Qin Shu rompió el silencio con una pregunta burlona: “Lanzhi, ¿cuándo tuviste un hijo a mis espaldas sin que yo lo supiera?” Su voz llevaba consigo un tono cariñoso y familiar. “Kai está en París, asistiendo a un mercado.” Xie Chennan respondió rápidamente: “El primo de Kai, Klaus, ha fallecido… Él estuvo en la Isla del Pecado en aquel entonces…” Ella pensó en su propio rostro, que no se comparaba en belleza con el de su madre; era tan hermoso que parecía que podía romperse si se lo tocaba… La mujer abrazaba la cabeza del pequeño dragón y acariciaba sus cuernos con su mano manchada de sangre, intentando consolarlo. Su voz sonaba fría y orgullosa: “No tiene nada que ver contigo… Si no quieres morir, deja que…” Xie Lanzhi miró a Qin Shu con expresión de impotencia: “A Shu, no bajes los brazos.”
“Kai está muy triste por la muerte de su primo… Fui con él a París… Tan pronto como supe que su hermana había regresado, volé de inmediato…” La voz de la mujer se interrumpió cuando alguien la atacó por detrás y le arrebataron al pequeño dragón.
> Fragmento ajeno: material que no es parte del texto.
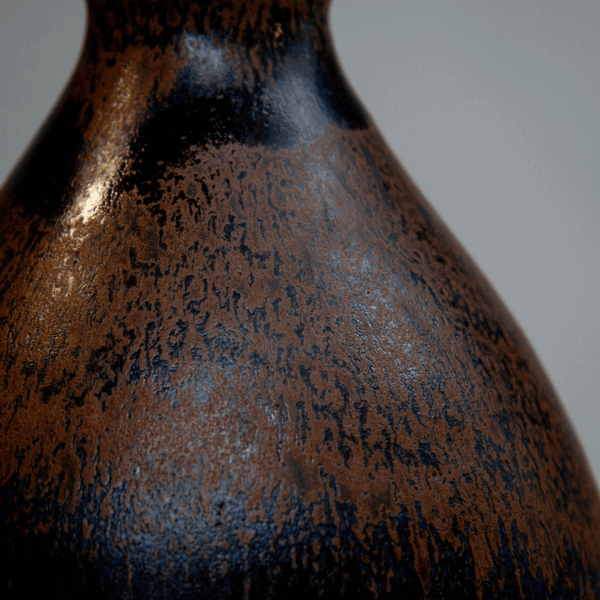 Vase.No_038 - Image 3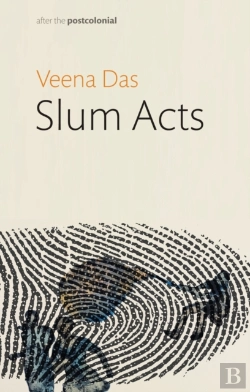 Bertrand.pt - Slum Acts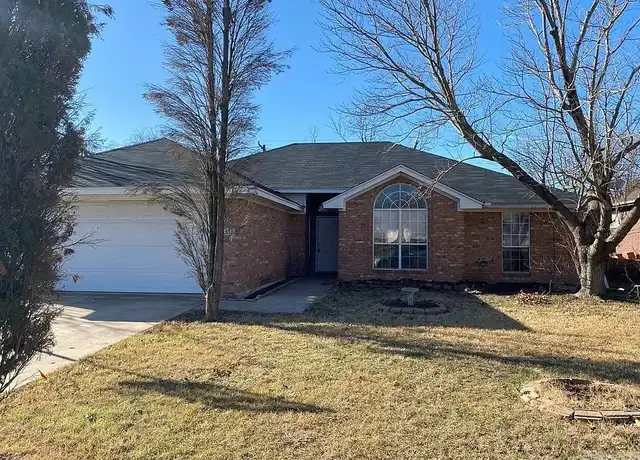 Property at 1510 Zinfandel Dr, Harker Heights, TX, 76548, 3 beds, 2 baths, [object Object]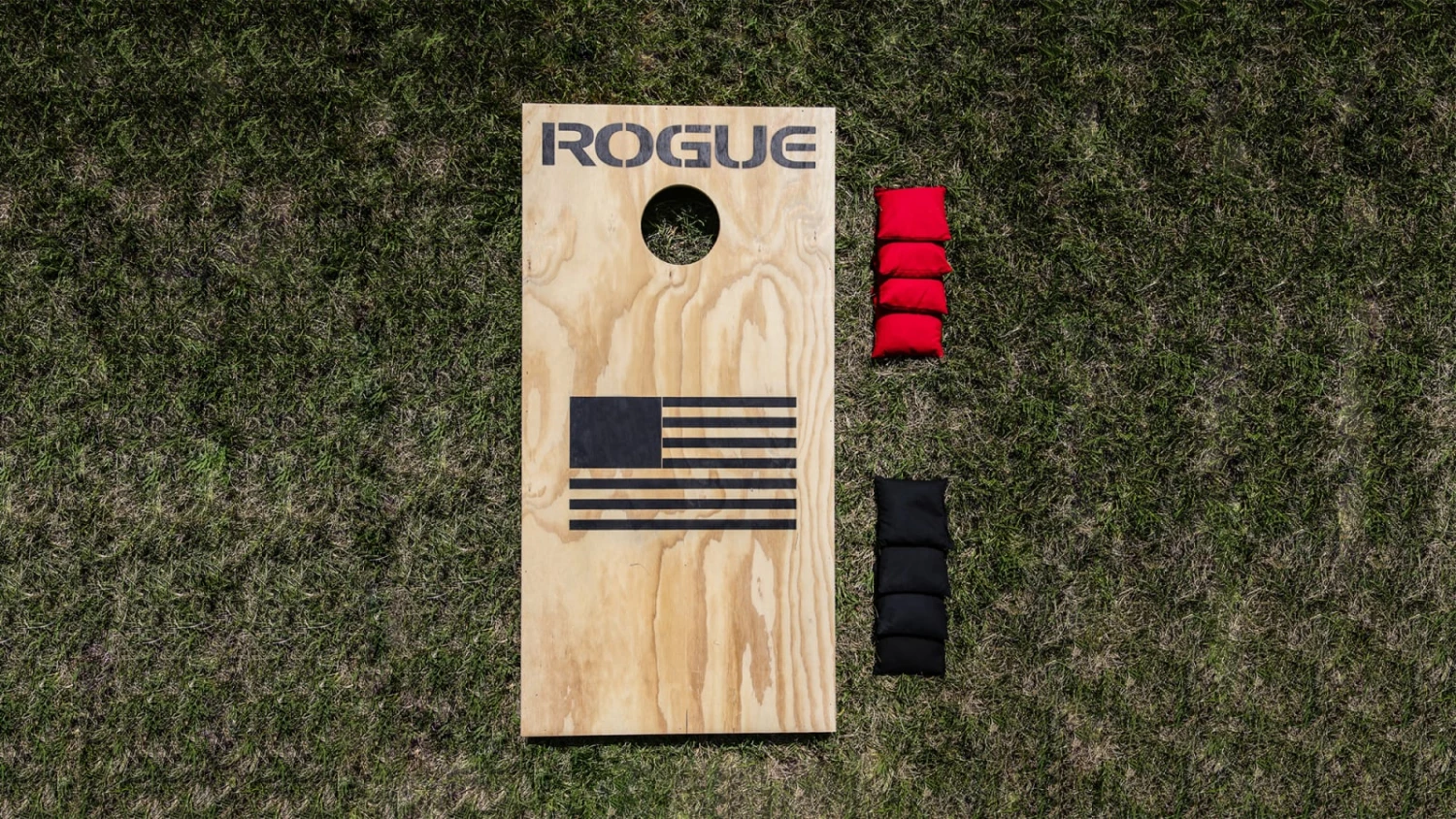 Top 10 π Rogue Cornhole Set π₯ 4 Top 10 π Rogue Cornhole Set π₯ - Image 2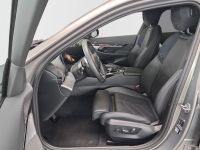 BMW 520 - Vorschau Bild 8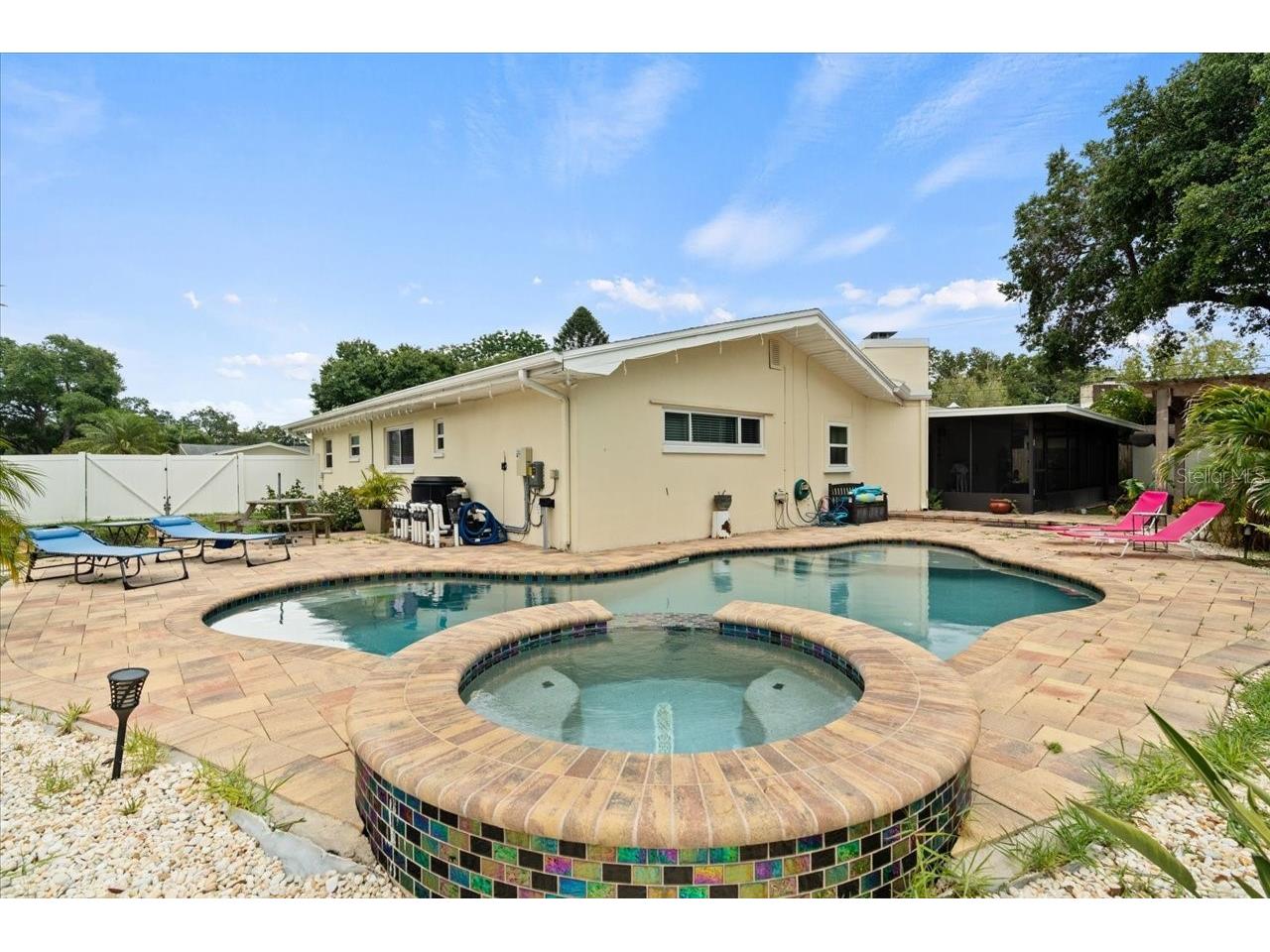 1560 Bel Keene Drive Clearwater FL 33756 TB8473819 image46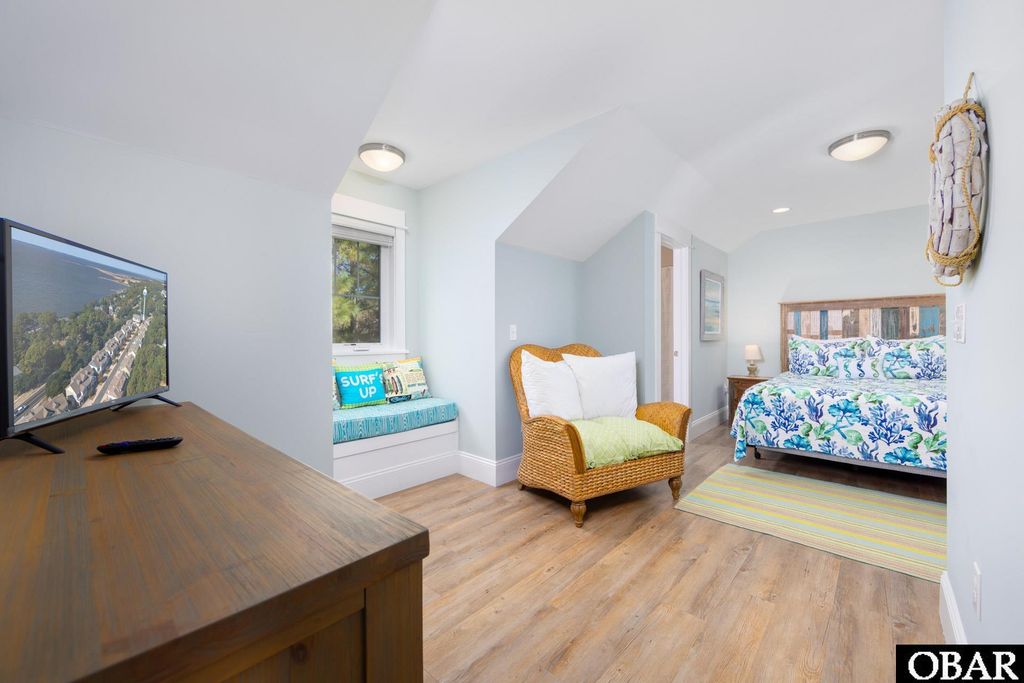 Image 25 of property listing at 1085 Keepers Way Unit 6B, Corolla, NC 27927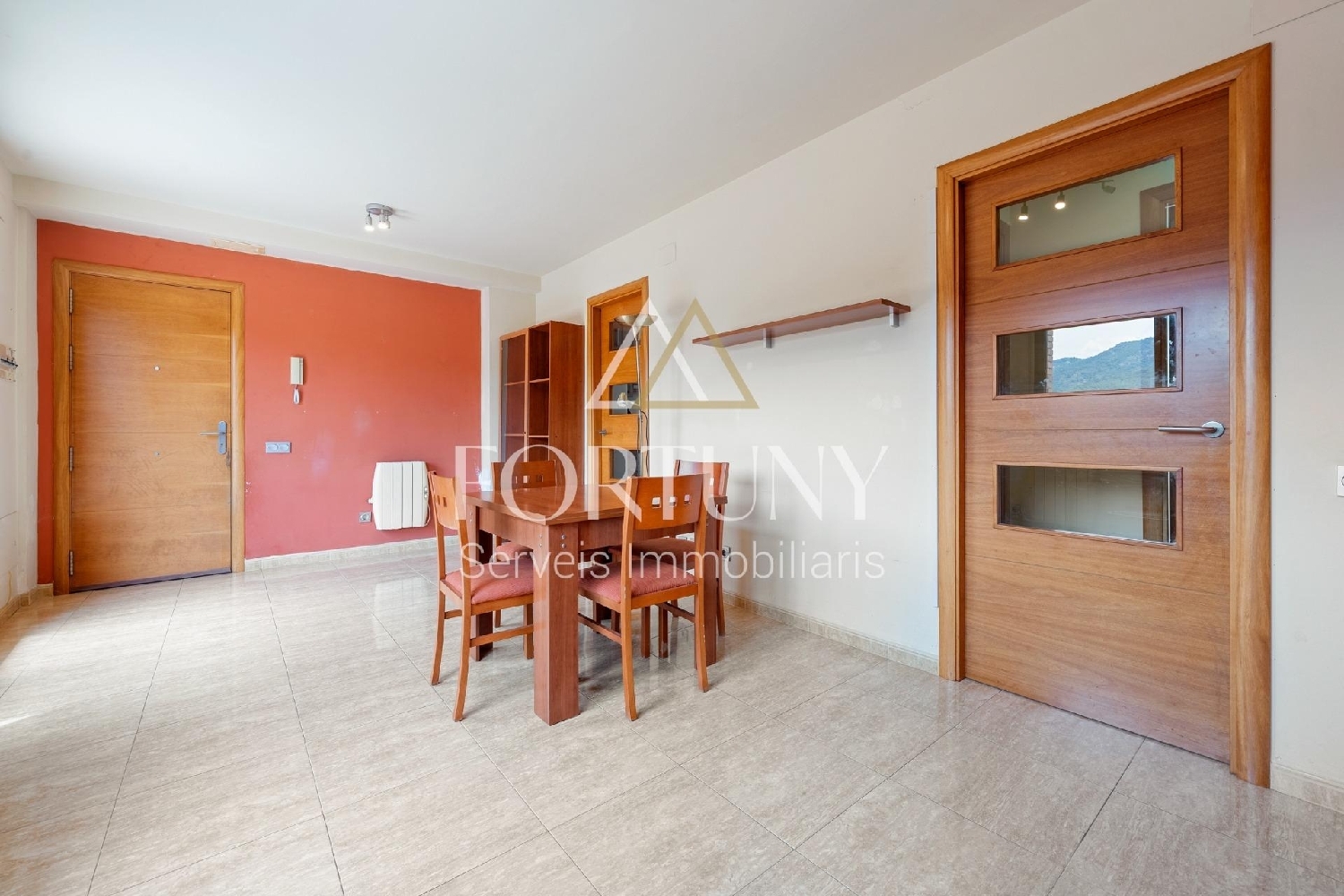  kaufen Wohnung Riudecols Baix Camp 6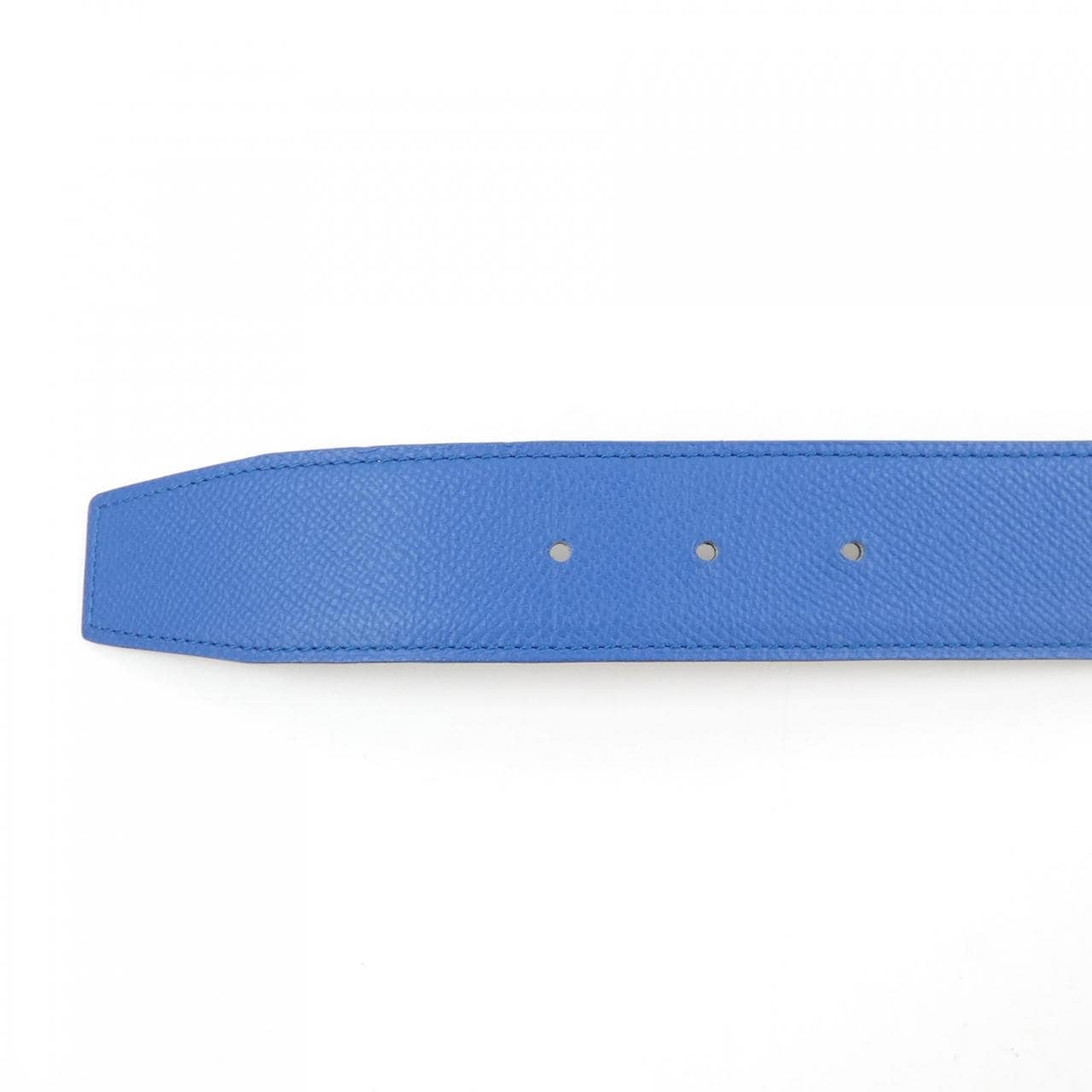 エルメス HERMES BELT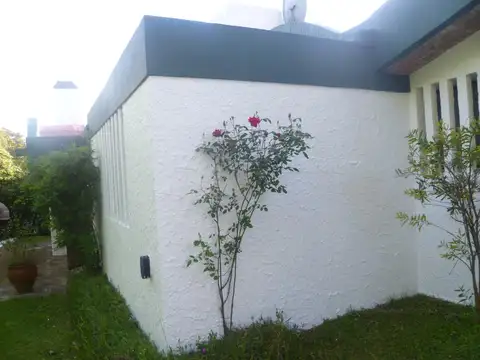 Casa en Alquiler Temporal al Este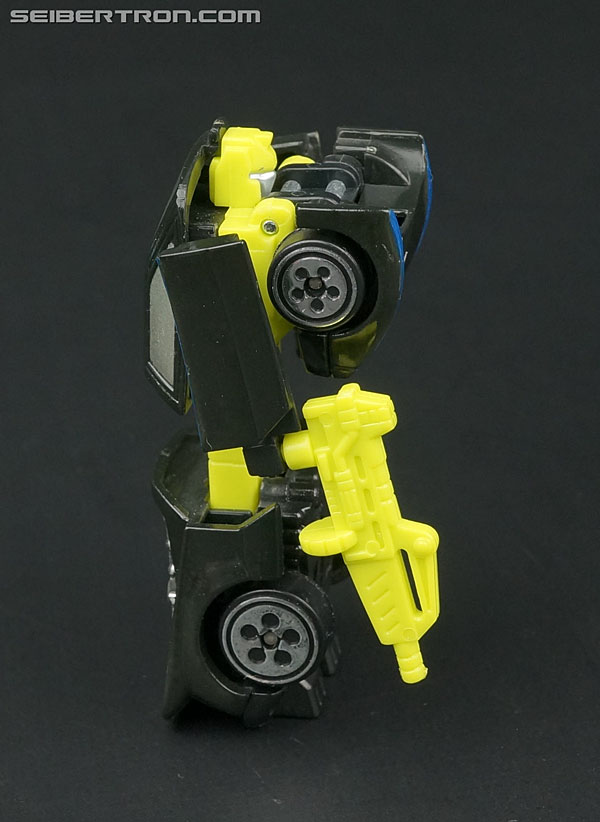 Transformers BotCon Exclusives Nightracer (Image #58 of 115)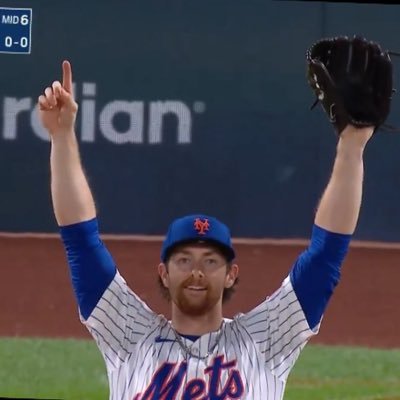 FantasyFBHOF's profile picture. 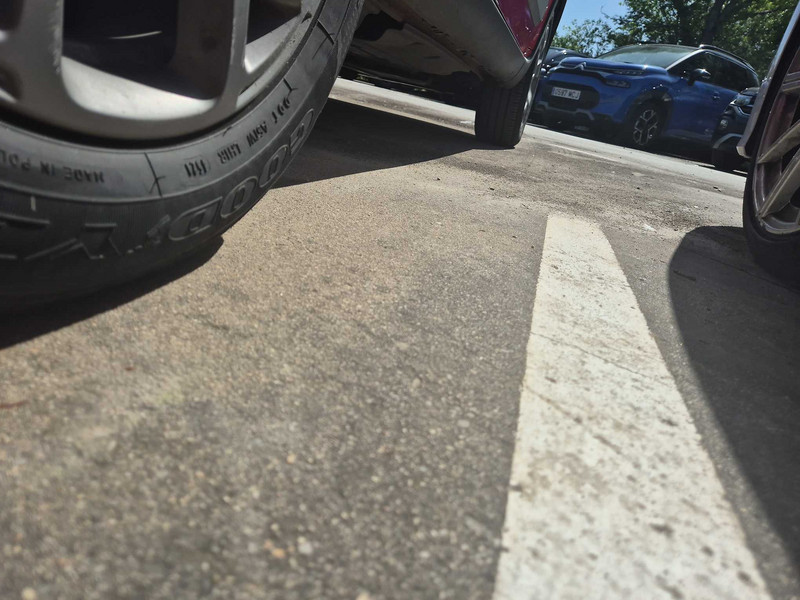 Foto Fiat Panda 18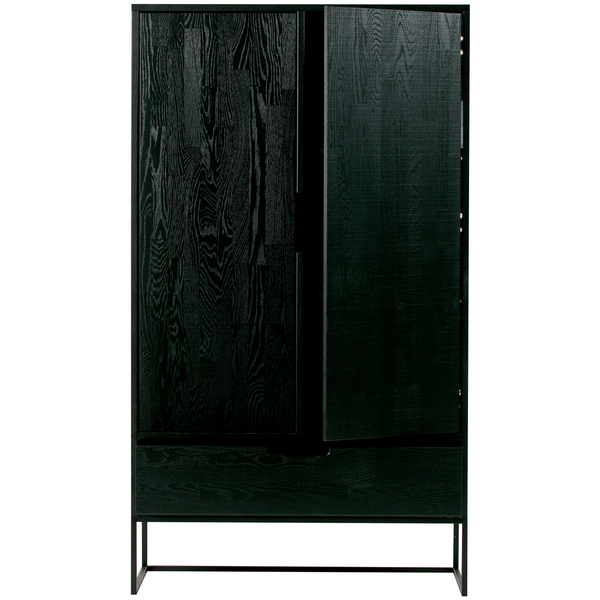 Product | Front | 2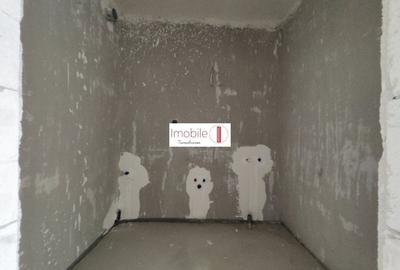 Apartament 3 camere Bloc Nou Zorilor | Comision Zero - 5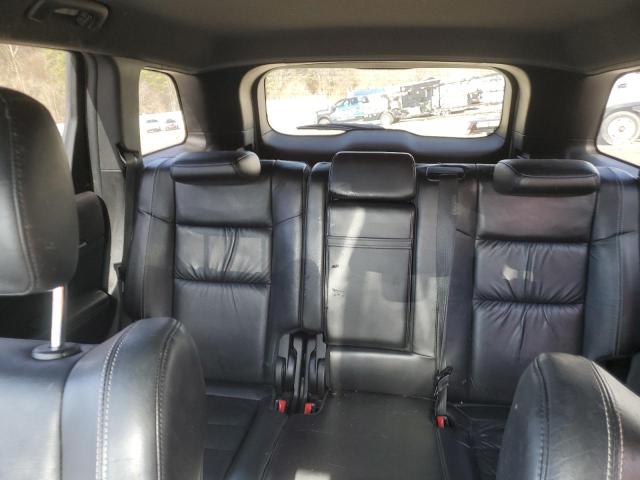 2015 JEEP GRAND CHER - 1C4RJFBG6FC197832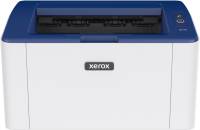 Принтер Xerox B110 (Wi-Fi) B110V_BI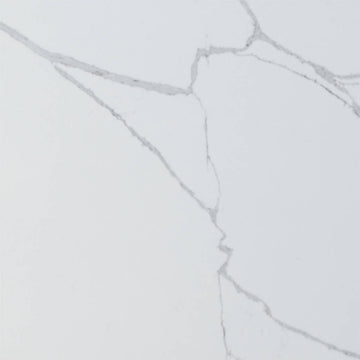 CALACATTA BORMIO QUARTZ,Quartz,Artemi,www.work-tops.com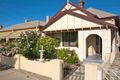 Property photo of 27 Fletcher Road Birkenhead SA 5015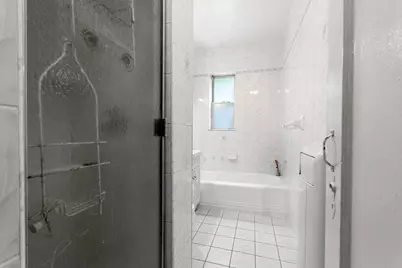 915 E 17th Street #116, New York City, NY 11230 - Photo 15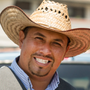 Photo of Jose C.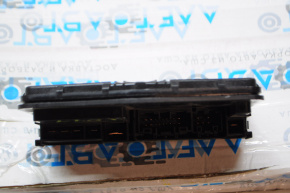 Light unit Toyota Camry v50 12-14 usa L\LE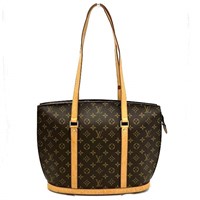 CBg Louis Vuitton mO or M51102 obO g[gobO fB[X yÁz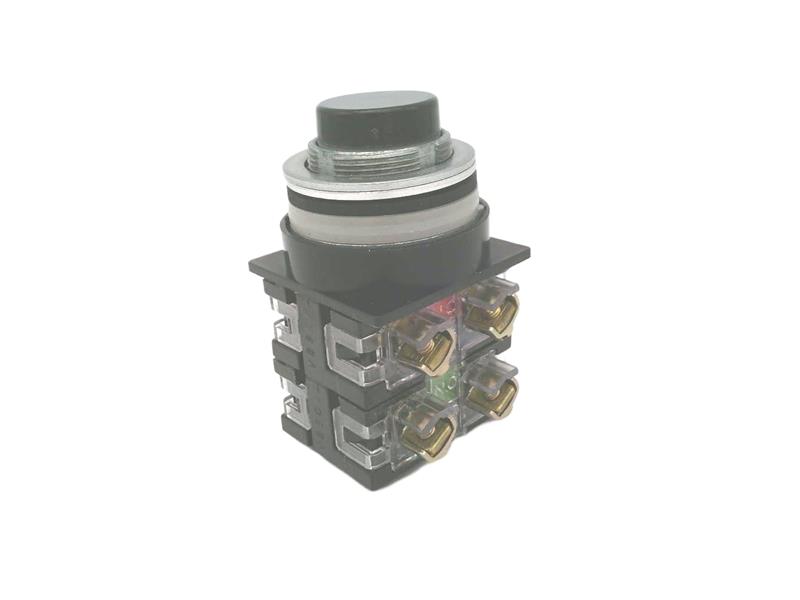 GENERAL ELECTRIC CR104PBG22B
Xie Lanzhi miró a los cinco niños que estaban en la habitación, reprimió el temblor en sus ojos y, sin importar su expresión atónita, tomó a Qin Shu por el hombro y siguió adelante.
“¡Papá!” Xie Chennan se acercó rápidamente y tomó los cuernos del pequeño dragón; los examinó detenidamente, con una mirada de desdén. La mujer, que era Ni Huan, levantó a su hijo y corrió hacia el bosque.
Qin Shu recordó de repente al primo de Kai. Giró la cabeza bruscamente y miró en la dirección de donde venía el sonido con expresión severa. “Suegro y suegra, he traído a A Shu para que los visite.”
La mujer gritó con voz angustiada: “¡Dejen ir a mi hijo!” “¿Les he dicho que se pueden ir?”